Varex Imaging Corporation has now established itself as a leading innovator of X-ray imaging components, which include tubes, digital flat panel detectors, and other image processing solutions, which are key components of X-ray imaging systems. To this day, Varex’s components are used in medical imaging, as well as in industrial and security imaging applications.

“Much of our time recently has been filled with meetings, calls, and road show presentations with the investor and analyst community,” says Sunny Sanyal, president and CEO of Varex Imaging, in a news release. “Overall, the past year has been an exciting time for us, and I want to thank all the people at Varian and Varex who devoted so much time and effort to make the separation a success.”

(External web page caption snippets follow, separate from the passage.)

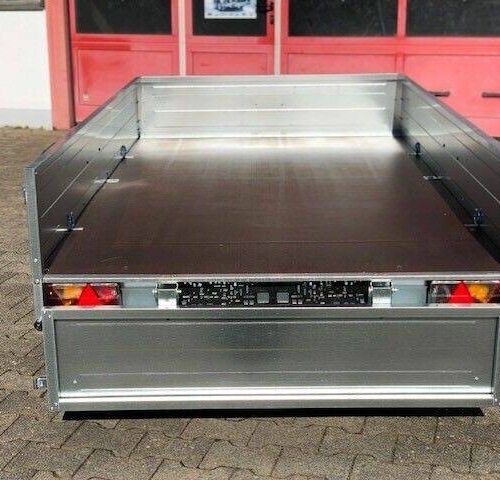 Kastenanhänger Saris King - kippbar!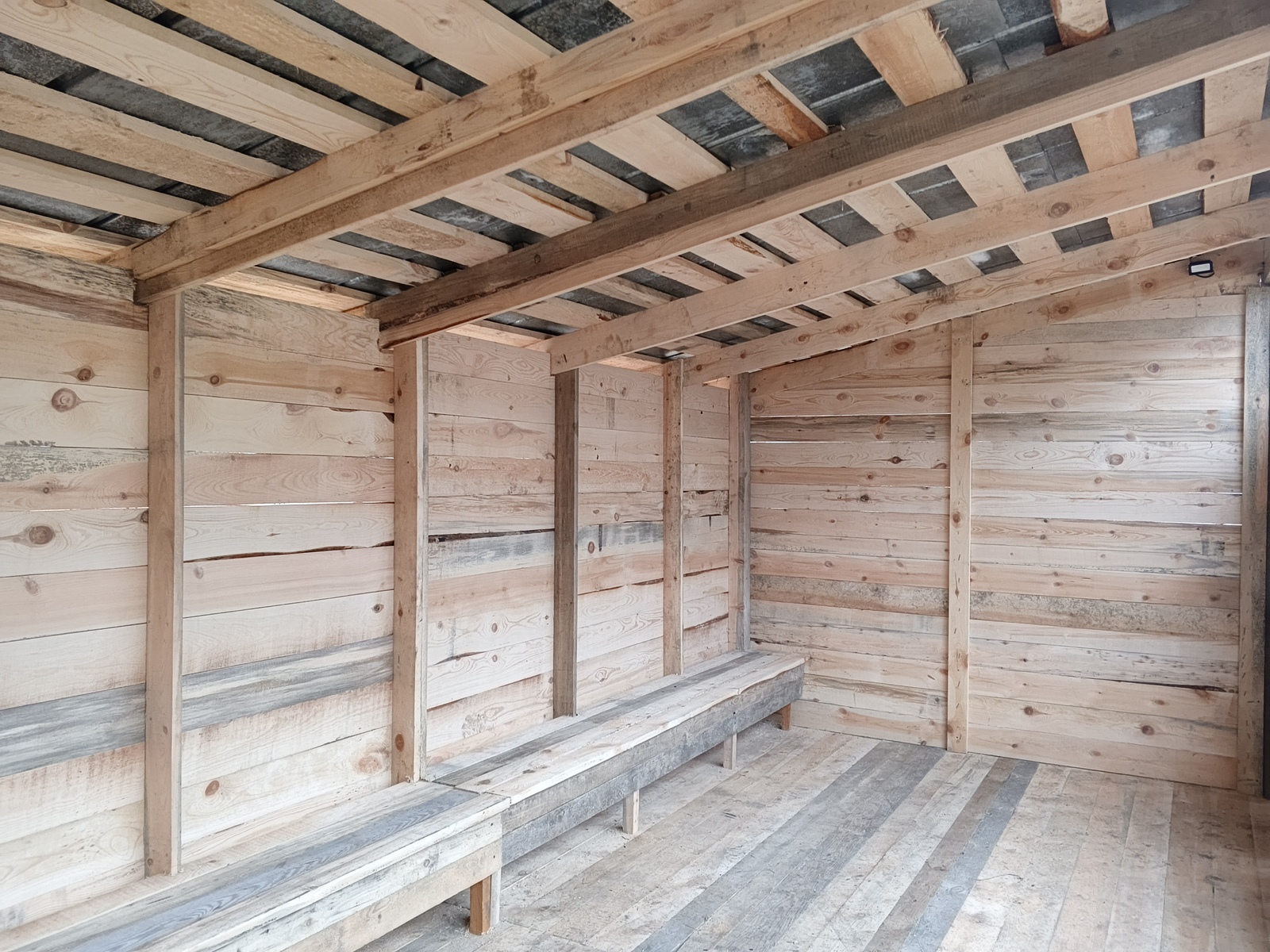 Спорт менән дуҫ байназарҙарҙың хыялы тормошҡа ашты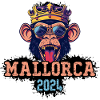 Mallorca 2024 Party Monkey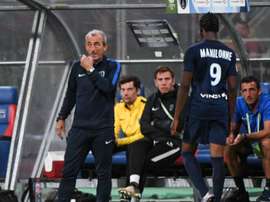 La victoire sur tapis vert pour les Parisiens. Goal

Sanyal, Honeysett, and the rest of Varex’s leadership team didn’t slow down, though, in a task to further evolve the company. Just two months after the spin-off, Varex Imaging Corporation acquired medical imaging business PerkinElmer for about $276 million. PerkinElmer develops, manufactures, and sells digital detectors that are key components in medical and industrial X-ray imaging systems made by global
OEM manufacturers.

According to a news release from Varex Imaging Corporation, the acquisition is expected to add roughly $140 million in annual sales, and Varex believes it will be transformative to the company’s digital detector operations. It will also enable the company to increase innovation, leverage its manufacturing scale, and expand its cost leadership position.

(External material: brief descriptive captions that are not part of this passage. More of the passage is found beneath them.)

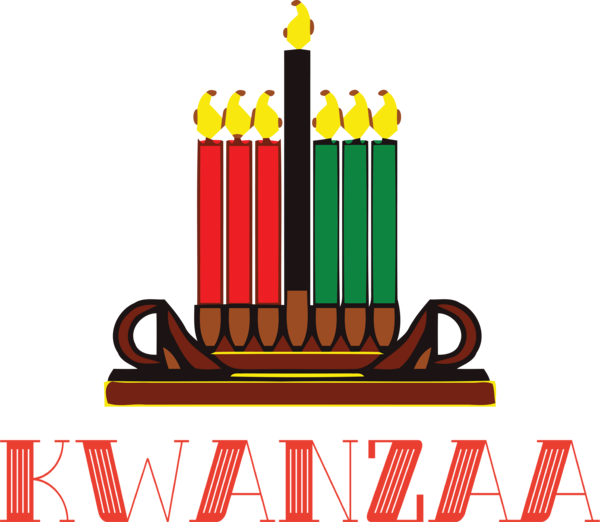 Transparent Kwanzaa Line art Kwanzaa Cartoon for Happy Kwanzaa for Kwanzaa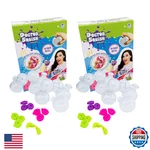 Doctor Squishy Maker Refill Pack Diy Making Kit With 10 Tpr Bal. Fixed Price $37.73.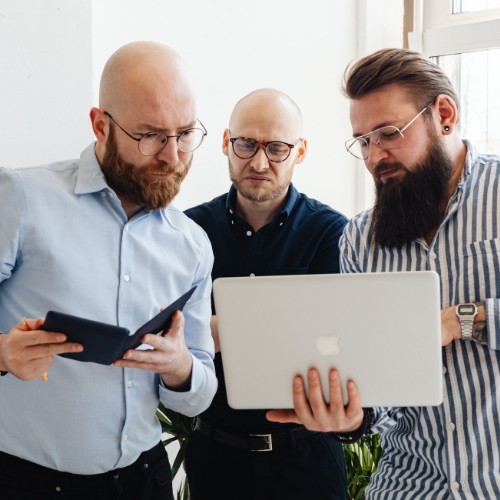 Professional Architecture Team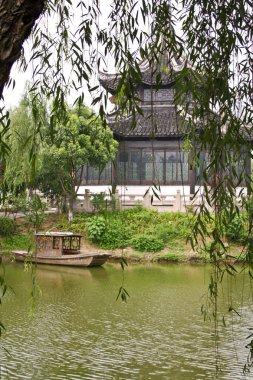 nehir kıyısında Tapınağı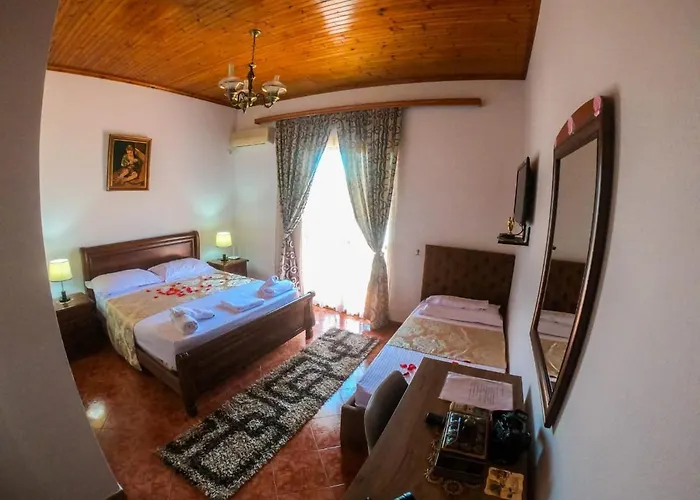 Villa Rezidenca Aurel Berat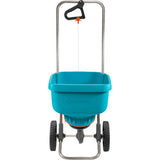 Équipement d'épandage Gardena spreader xl (noir turquoise, 436-20)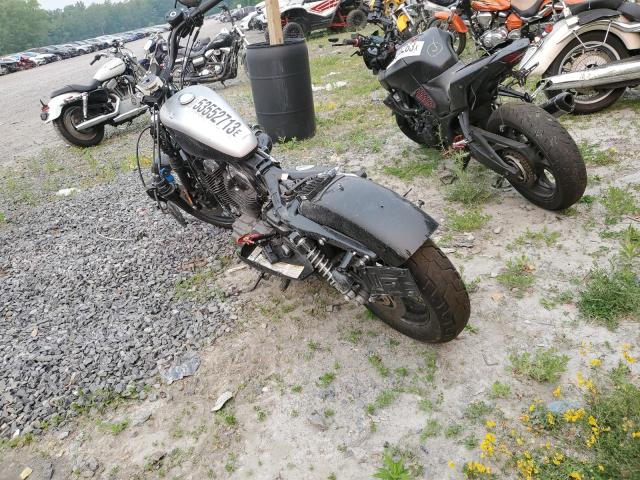 2009 HARLEY-DAVIDSON XL1200 N - 1HD1CZ3189K440472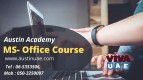 MS-Office Training with Amazing offer Sharjah 0503250097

“We are very excited about the opportunities and prospects of adding this imaging expertise into the Varex organization,” Sanyal says in a news release. “I want to welcome our new employees to Varex, and I look forward to having the combined team focused on integrating our operations to achieve our goal of producing the broadest, most cost-effective portfolio of components for the imaging industry.”

One of the reasons for the acquisition is that PerkinElmer is highly complementary to Varex’s imaging detector business and has a similar financial profile, according to the news release.

“Customer overlap is minimal, and we see revenue and cost synergy opportunities that we expect to achieve over time,” Sanyal says in the news release. Some of these opportunities include: adding new digital detector technology to the Varex product portfolio, significant, new cross-selling opportunities for X-ray imaging solutions, leveraging combined volumes to gain manufacturing productivity, and further expansion in the Industrial imaging market, he adds.

With Honeysett, Sanyal, and Varex Imaging Corporation’s leadership team continuing to make strides, there’s no limit to what the company can accomplish as they further add to the rich history of the evolving company.

The Origins Before the Split

Jack McCullough and Bill Eitel were two radio amateurs in 1932 when they decided to build high-power transmitters to work some of the twenty-meter overseas stations that were being heard in California. To their dismay, however, they found that the expensive transmitting tube they purchased was not compatible at one thousand volts.

As a result, they decided they could build a better tube that would work at a low voltage. That tube ended up being the 150T triode. From this humble beginning, the company steadily expanded. Decades later, it would merge with Varian. Now after splitting with Varian to form Varex, the company that started with a relatively simple tube is now making breakthroughs in everything from medical devices to advancements in X-rays and lenses.